Una de las cosas más extrañas en la historia de la Iglesia es que esta esperanza de la vuelta del Señor fue una esperanza perdida durante siglos, y que estas palabras declaradas por el Señor en la plenitud de su amor hacia los suyos, para animarlos durante su ausencia, hayan sido atesoradas y comprendidas tan limitadamente. Es muy extraño aun ahora, desde que la verdad de esto ha sido ministrada de una manera tan clara, el que ésta afecte tan poco las vidas de aquellos que saben algo de ella, y que han recibido su doctrina. Sin embargo, no tenemos que ir muy lejos por la solución de cosa tan extraña; está revelada en las palabras del Señor a la asamblea de Éfeso: “Tengo algo contra ti, que has dejado tu primer amor” (Apocalipsis 2:4).

Una esperanza viva

Para que la verdad sea efectiva no debe ser meramente una doctrina en la mente, sino una esperanza en el corazón. “Todo aquel que tiene esta esperanza en él, se purifica a sí mismo, así como él es puro” (1 Juan 3:3). Para esto Cristo debe ser supremo en los afectos. La pregunta «¿qué pensáis vosotros del Cristo?» es todavía la gran prueba de nuestro estado y la medida de nuestra actitud con relación a toda la verdad de Dios. Hemos visto a una joven prometida a bordo de un buque anticipando el fin del viaje y, cuando el puerto de su destino se presenta a la vista, ella es la primera en la cubierta, que con el anteojo de larga vista escudriña el muelle, buscando et rostro del que poseía su corazón. Qué alegre excitación se veía en ella, cuando al fin le descubría, fiel su palabra, esperándola para recibirla. La esperanza de encontrar al que había de ser su esposo era una gran realidad para ella, porque lo amaba y sabía que también él le amaba a ella.

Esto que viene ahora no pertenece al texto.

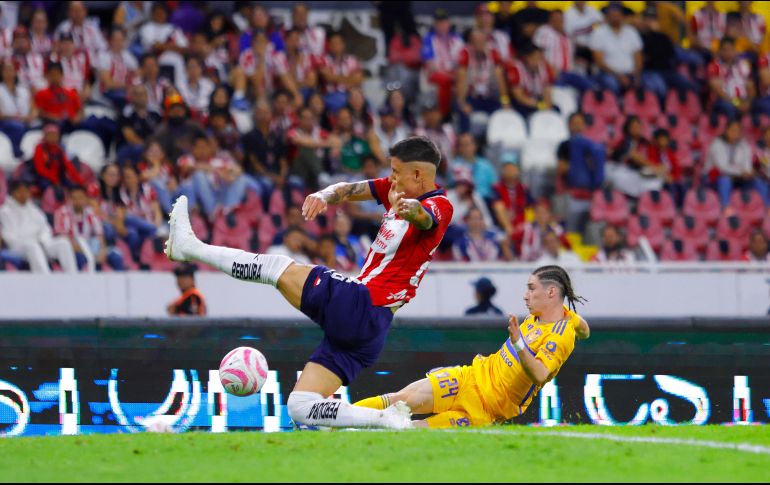 Chivas cayó desesperado frente a Tigres con cuatro goles en contra. IMAGO7.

Aquí es donde ha fallado la Iglesia. Otras cosas en vez de Cristo han llenado su corazón. Ha dejado ella su primer amor, y por lo mismo ha dejado de anhelar y de esperar a su Señor; y habiendo fallado en esto, ha fallado en todo lo demás.

Pero lo que ha sido perdido por la mayoría puede restaurarse al individuo, porque el Espíritu Santo de Dios está aquí todavía para hacer del amor de Cristo una realidad para todos los que suspiran por él. El Señor mismo hace un llamamiento admirable al afecto de sus santos en el capítulo final del Apocalipsis cuando dice: “Yo soy la raíz del linaje de David, la estrella resplandeciente de la mañana” (v. 16). Procura que el corazón sea despertado por esta presentación de Sí mismo, y que, al unísono con el Espíritu, la esposa diga: “Ven”.

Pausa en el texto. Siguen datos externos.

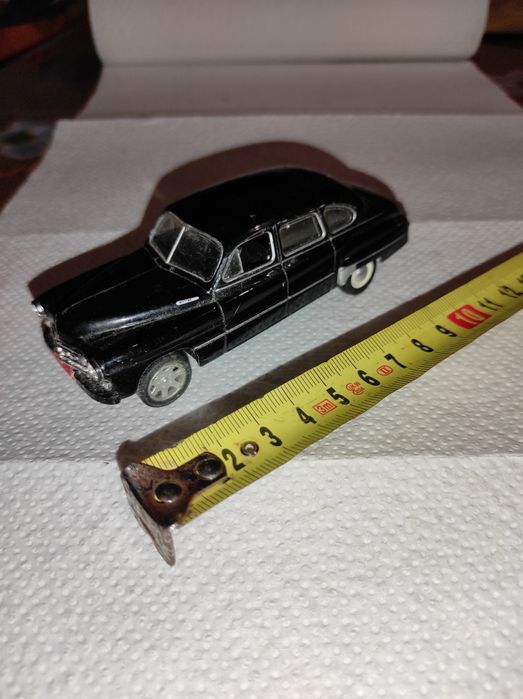 Машинки  железные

Notadlo bien: es la Esposa la que dice: “Ven”. Pone de manifiesto un corazón no dividido, plenamente poseído por Aquel que se dio a Sí mismo para ganarla, respondiendo a Su fuerte e inmutable amor sin reserva. Esto no es verdad de la Iglesia hoy día; será verdad de ella cuando sea arrebatada a la gloria. Pero puede ser verdad de cada uno de nosotros ahora. Pero ¿cómo llegará a ser verdad de nosotros? Al rendimos a la dulce influencia de Su amor, al dejar que Sus palabras: “Yo te he amado” (Apocalipsis 3:9), penetren en nuestras almas, y al verle nosotros levantándose en la oscuridad como la estrella resplandeciente de la mañana; así llegará a ser verdad de nosotros.

El conocimiento de Su amor será nuestra corona, la cosa más escogida que poseamos, y esto lo retendremos firmemente, porque será más brillante y mejor para nosotros que lo más brillante y lo mejor que un mundo veleidoso pudiera ofrecer.

He aquí yo vengo pronto; retén lo que tienes, para que ninguno tome tu corona

ha dicho Él (Apocalipsis 3:11). Contestemos nosotros: “Amén; así sea. Ven, Señor Jesús” (Apocalipsis 22:20).